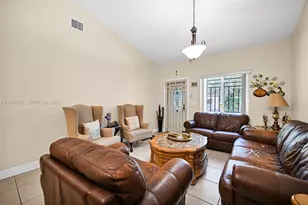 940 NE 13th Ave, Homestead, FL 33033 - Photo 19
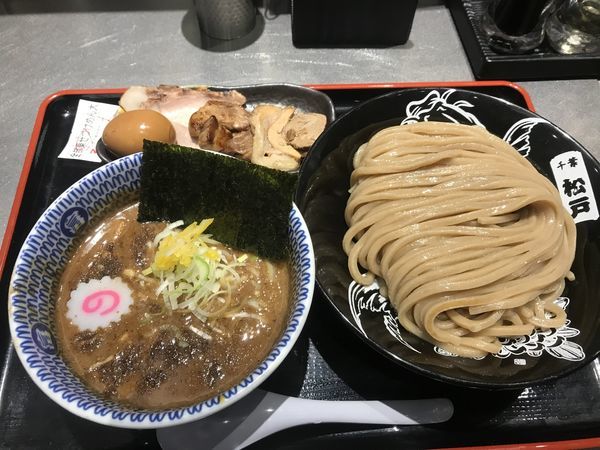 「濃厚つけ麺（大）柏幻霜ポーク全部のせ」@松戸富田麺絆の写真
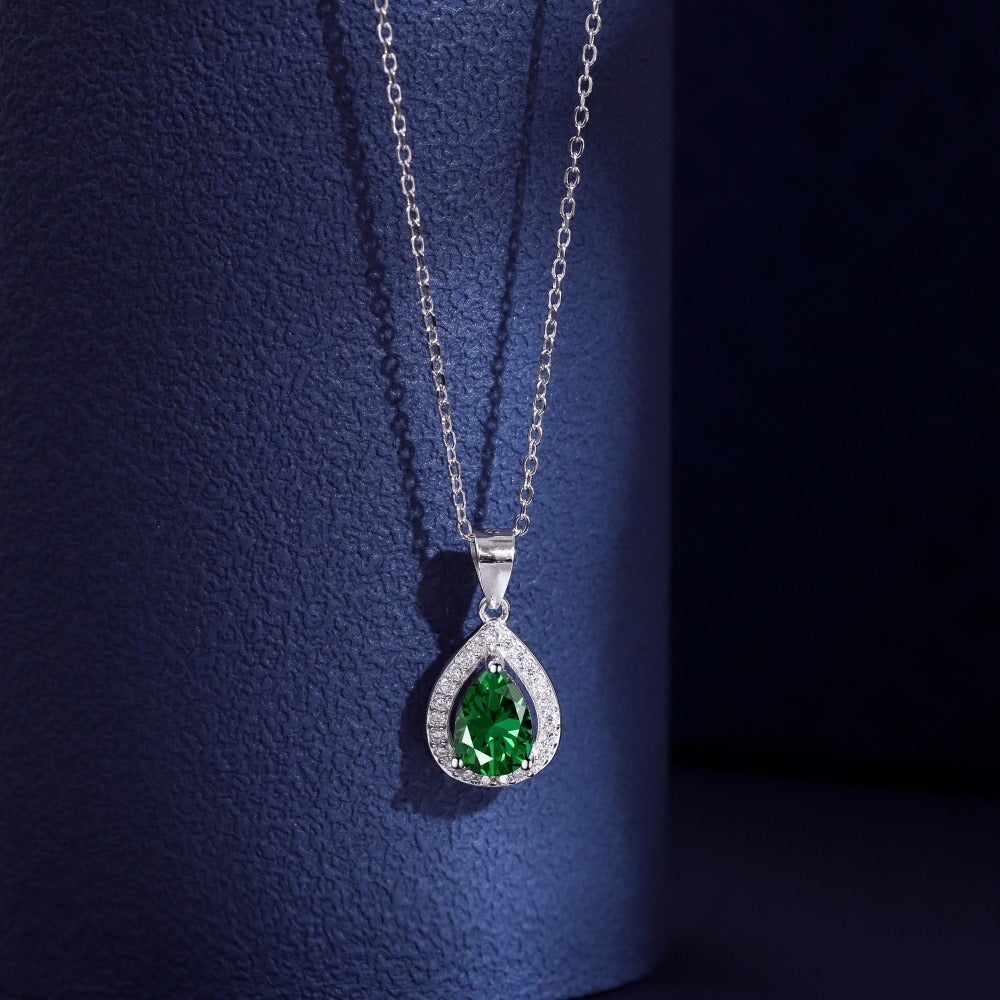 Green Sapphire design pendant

**To do**:
Omit the pictures, then copy out all the data exactly as it stands.

**Task response**:
 940 NE 13th Ave, Homestead, FL 33033 - Photo 19
 「濃厚つけ麺（大）柏幻霜ポーク全部のせ」@松戸富田麺絆の写真
 Green Sapphire design pendant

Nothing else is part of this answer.